We use glimpse() to inspect these all male data. Notice that only the letter m is in the sex column - indicating only males are in the data set. Also notice that there are 35829 rows in the okcupid_males data - fewer people because males are a subset of the total number of rows.
## Rows: 35,829
## Columns: 6
## $ age <dbl> 22, 35, 38, 23, 29, 29, 37, 35, 28, 24, 33,…
## $ diet <chr> "strictly anything", "mostly other", "anyth…
## $ height <dbl> 75, 70, 68, 71, 66, 67, 65, 70, 72, 72, 70,…
## $ pets <chr> "likes dogs and likes cats", "likes dogs an…
## $ sex <chr> "m", "m", "m", "m", "m", "m", "m", "m", "m"…
## $ status <chr> "single", "single", "available", "single", …
The filter command can be combined with the summarise command to get the descriptive statistics for males without the hassle of creating new data. This is again done using the %>% “and then” operator.
okcupid_profiles %>%
filter(sex == "m") %>%
summarise(age_mean = mean(age, na.rm = TRUE),
age_sd = sd(age, na.rm = TRUE))
## # A tibble: 1 × 2
## age_mean age_sd
## <dbl> <dbl>
## 1 32.0186 9.03288
We see that for the 35829 males the mean age is 32.0 and the standard deviation is 9.0.

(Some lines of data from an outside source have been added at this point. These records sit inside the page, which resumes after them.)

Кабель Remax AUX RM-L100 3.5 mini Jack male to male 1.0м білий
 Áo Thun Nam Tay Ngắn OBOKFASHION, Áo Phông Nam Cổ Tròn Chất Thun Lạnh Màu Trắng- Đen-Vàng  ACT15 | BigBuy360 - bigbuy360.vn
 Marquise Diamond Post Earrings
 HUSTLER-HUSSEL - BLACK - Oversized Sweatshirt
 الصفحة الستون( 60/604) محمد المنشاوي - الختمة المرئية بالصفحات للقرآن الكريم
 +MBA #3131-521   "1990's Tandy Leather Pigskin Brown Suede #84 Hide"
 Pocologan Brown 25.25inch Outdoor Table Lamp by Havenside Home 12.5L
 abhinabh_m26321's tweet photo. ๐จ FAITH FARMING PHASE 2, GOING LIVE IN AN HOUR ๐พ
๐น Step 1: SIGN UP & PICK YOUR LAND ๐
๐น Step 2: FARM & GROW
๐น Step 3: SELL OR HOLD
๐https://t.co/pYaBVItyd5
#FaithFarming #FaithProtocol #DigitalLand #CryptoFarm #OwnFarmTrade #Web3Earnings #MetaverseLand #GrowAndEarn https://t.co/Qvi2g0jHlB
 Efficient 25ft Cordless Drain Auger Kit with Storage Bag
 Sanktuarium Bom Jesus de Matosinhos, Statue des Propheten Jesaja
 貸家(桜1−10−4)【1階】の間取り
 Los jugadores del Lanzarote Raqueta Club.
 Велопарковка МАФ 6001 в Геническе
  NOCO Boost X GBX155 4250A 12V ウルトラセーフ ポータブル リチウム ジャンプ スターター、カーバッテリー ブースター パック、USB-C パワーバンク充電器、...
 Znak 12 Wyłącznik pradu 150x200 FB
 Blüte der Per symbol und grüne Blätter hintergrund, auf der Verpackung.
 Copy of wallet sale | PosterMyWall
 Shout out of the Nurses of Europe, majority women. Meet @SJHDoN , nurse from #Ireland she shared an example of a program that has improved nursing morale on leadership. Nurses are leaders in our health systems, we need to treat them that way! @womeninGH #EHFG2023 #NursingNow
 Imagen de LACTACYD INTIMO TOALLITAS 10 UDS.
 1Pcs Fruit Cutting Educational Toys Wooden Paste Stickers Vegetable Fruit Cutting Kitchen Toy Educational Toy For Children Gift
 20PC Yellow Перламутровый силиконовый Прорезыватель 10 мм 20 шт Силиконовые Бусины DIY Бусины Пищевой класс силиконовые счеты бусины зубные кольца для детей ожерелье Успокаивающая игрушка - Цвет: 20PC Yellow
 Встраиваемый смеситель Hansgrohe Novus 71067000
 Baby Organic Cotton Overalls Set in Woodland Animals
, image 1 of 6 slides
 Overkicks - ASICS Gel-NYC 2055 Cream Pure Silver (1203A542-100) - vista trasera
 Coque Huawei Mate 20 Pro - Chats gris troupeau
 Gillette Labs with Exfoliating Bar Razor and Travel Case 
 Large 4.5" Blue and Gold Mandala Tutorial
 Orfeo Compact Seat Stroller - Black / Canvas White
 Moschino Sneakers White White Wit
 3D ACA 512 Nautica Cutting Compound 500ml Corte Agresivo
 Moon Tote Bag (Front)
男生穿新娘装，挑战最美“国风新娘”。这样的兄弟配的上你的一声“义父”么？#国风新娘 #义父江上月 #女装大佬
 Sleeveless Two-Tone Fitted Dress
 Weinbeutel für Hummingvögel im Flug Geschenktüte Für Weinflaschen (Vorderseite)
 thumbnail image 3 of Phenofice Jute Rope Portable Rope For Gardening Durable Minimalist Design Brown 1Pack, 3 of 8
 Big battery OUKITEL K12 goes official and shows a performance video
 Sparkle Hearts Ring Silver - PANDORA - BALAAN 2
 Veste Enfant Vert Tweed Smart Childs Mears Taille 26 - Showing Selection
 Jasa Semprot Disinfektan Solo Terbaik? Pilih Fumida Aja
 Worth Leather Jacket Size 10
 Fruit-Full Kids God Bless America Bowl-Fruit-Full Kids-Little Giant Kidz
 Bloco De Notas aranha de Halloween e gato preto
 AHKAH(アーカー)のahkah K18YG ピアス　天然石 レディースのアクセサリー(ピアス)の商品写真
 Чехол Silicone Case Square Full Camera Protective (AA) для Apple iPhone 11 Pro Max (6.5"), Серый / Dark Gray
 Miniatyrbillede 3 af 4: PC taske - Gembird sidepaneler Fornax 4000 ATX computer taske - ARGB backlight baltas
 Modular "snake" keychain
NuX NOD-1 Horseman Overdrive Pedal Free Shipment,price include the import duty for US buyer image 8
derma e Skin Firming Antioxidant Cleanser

Likewise, we can obtain the descriptive statistics for females with only a slight modification, changing m to f in the filter command:
okcupid_profiles %>%
filter(sex == "f") %>%
summarise(age_mean = mean(age, na.rm = TRUE),
age_sd = sd(age, na.rm = TRUE))
## # A tibble: 1 × 2
## age_mean age_sd
## <dbl> <dbl>
## 1 32.8182 10.0254
We see that for the 24117 females the mean age is 32.8 and the standard deviation is 10.0.
2.4.5 group_by()
The process we used with the filter command would quickly become onerous if we had many subgroups for a column. Consequently, it’s often better to use the group() command to calculate descriptive statistics for the levels (e.g., male/female) of a variable. By telling the computer to group_by() sex the summarise command is run separately for every level of sex (i.e., m and f).
okcupid_profiles %>%
group_by(sex) %>%
summarise(age_mean = mean(age, na.rm = TRUE),
age_sd = sd(age, na.rm = TRUE))
## # A tibble: 2 × 3
## sex age_mean age_sd
## <chr> <dbl> <dbl>
## 1 f 32.8182 10.0254
## 2 m 32.0186 9.03288
Fortunately, it’s possible to use more than one grouping variable with the group_by() command. In the code below we group by sex and status (i.e., dating status).
okcupid_profiles %>%
group_by(sex, status) %>%
summarise(age_mean = mean(age, na.rm = TRUE),
age_sd = sd(age, na.rm = TRUE))
## `summarise()` has grouped output by 'sex'. You can override
## using the `.groups` argument.
## # A tibble: 10 × 4
## # Groups: sex [2]
## sex status age_mean age_sd
## <chr> <chr> <dbl> <dbl>
## 1 f available 32.2378 8.53559
## 2 f married 33.7111 8.13493
## 3 f seeing someone 28.0748 6.44038
## 4 f single 33.0440 10.1549
## 5 f unknown 27.75 5.90903
## 6 m available 34.7543 9.40181
## 7 m married 38.68 10.0785
## 8 m seeing someone 30.8115 7.06094
## 9 m single 31.9214 9.03813
## 10 m unknown 40.6667 8.86942
The resulting output provide for age the mean and standard deviation for every combination of sex and dating status. The first five rows provide output for females at every level of dating status whereas the subsequent five rows provide output for males at every level of dating status.
2.4.6 mutate()
The mutate() command can be used to calculate a new column in a data. In the example below we calculate a new column called age_centered which is the new version of the age_column where the mean of the column has been removed from every value. This is merely an example of the many different types of calculations we can perform to create a new column using mutate().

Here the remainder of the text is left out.